Mukesh Ambani-led Reliance Jio and Tata Tele Services Ltd (TTSL) reportedly opposed in the Delhi High Court the petitions filed by Airtel and Vodafone that challenged TRAI's interconnect usage charges regulations, according to a PTI report.
India's leading telecom operators Bharti Airtel and Vodafone India have previously challenged the telecom regulator's interconnect usage charges rules fixing termination charges for landline to wireless as zero paise and wireless to wireless at 14 paise per minute.
The report said that Reliance Jio and TTSL's counsel told a bench of Chief Justice G Rohini and Justice Sangita Dhingra Sehgal that they are opposing the petitions filed by Airtel and Vodafone.
Senior advocate P Chidambaram, who was appearing for one of the petitioners, however told the bench that telecom operators having less customers are not at "disadvantage" but operators that have a large customer base are suffering" due to the regulation.
The report said that Chidambaram also argued that these telcos were incurring loss due to termination charges fixed by the Telecom Regulatory Authority of India (TRAI) regulation.
"Bigger network providers are suffering wider disadvantage...Sharing the revenue does not mean that somebody will collect the revenue and will not share it with me.
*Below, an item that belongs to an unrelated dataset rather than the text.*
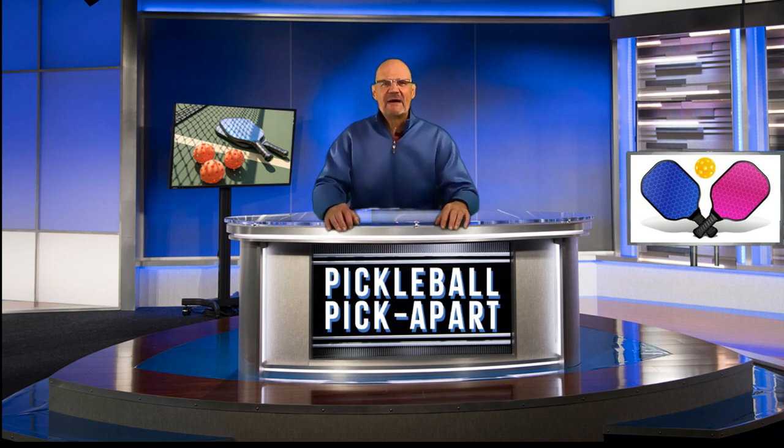Hello and thanks for tuning in to my YouTube channel Pickleball Picklepart. My name is Rory. I take pickleball games off of YouTube and I critique the play on the court. Watching my videos will help make you a better pickleball player. In this game, a very fun match where just a few small things make a difference. Check it out and let's go.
Sharing the revenue can never mean 100 on the one side and zero on the other," he was quoted as saying.
He added that if a telco has incurred huge amount in its infrastructure, and If somebody is using that infrastructure and earning revenue, they have to share it with the former.
The arguments would now continue on January 9, 2017, the report said.
Previously, GSM telco industry body COAI had said that actual network-related costs incurred by telecom operators should be used to compute the interconnect charges, thereby batting for an increase in mobile termination charge. Typically, interconnection usage charges or termination charges are payable by one telco, whose subscriber makes a call, to another whose subscriber receives the call. The charge is payable by the first for using the second's network.